How to complete this task
Would you restate the entries below exactly, keeping every line?

[[ Entries provided open ]]

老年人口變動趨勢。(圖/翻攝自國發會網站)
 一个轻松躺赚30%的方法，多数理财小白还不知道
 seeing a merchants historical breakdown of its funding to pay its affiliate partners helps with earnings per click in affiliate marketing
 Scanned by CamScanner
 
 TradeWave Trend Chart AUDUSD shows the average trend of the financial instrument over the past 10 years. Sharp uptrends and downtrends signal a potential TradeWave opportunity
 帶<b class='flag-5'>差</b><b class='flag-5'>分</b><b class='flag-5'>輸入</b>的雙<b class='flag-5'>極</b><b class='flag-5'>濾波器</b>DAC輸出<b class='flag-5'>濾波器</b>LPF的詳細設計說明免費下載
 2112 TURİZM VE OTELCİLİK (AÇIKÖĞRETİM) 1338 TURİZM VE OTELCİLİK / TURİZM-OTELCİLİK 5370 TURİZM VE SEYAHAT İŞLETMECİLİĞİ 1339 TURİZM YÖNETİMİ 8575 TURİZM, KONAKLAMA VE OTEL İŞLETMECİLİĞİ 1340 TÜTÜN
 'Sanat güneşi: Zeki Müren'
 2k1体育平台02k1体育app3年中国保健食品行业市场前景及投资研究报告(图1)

[[ Entries provided closed ]]

Task output
老年人口變動趨勢。(圖/翻攝自國發會網站)
 一个轻松躺赚30%的方法，多数理财小白还不知道
 seeing a merchants historical breakdown of its funding to pay its affiliate partners helps with earnings per click in affiliate marketing
 Scanned by CamScanner
 
 TradeWave Trend Chart AUDUSD shows the average trend of the financial instrument over the past 10 years. Sharp uptrends and downtrends signal a potential TradeWave opportunity
 帶<b class='flag-5'>差</b><b class='flag-5'>分</b><b class='flag-5'>輸入</b>的雙<b class='flag-5'>極</b><b class='flag-5'>濾波器</b>DAC輸出<b class='flag-5'>濾波器</b>LPF的詳細設計說明免費下載
 2112 TURİZM VE OTELCİLİK (AÇIKÖĞRETİM) 1338 TURİZM VE OTELCİLİK / TURİZM-OTELCİLİK 5370 TURİZM VE SEYAHAT İŞLETMECİLİĞİ 1339 TURİZM YÖNETİMİ 8575 TURİZM, KONAKLAMA VE OTEL İŞLETMECİLİĞİ 1340 TÜTÜN
 'Sanat güneşi: Zeki Müren'
 2k1体育平台02k1体育app3年中国保健食品行业市场前景及投资研究报告(图1)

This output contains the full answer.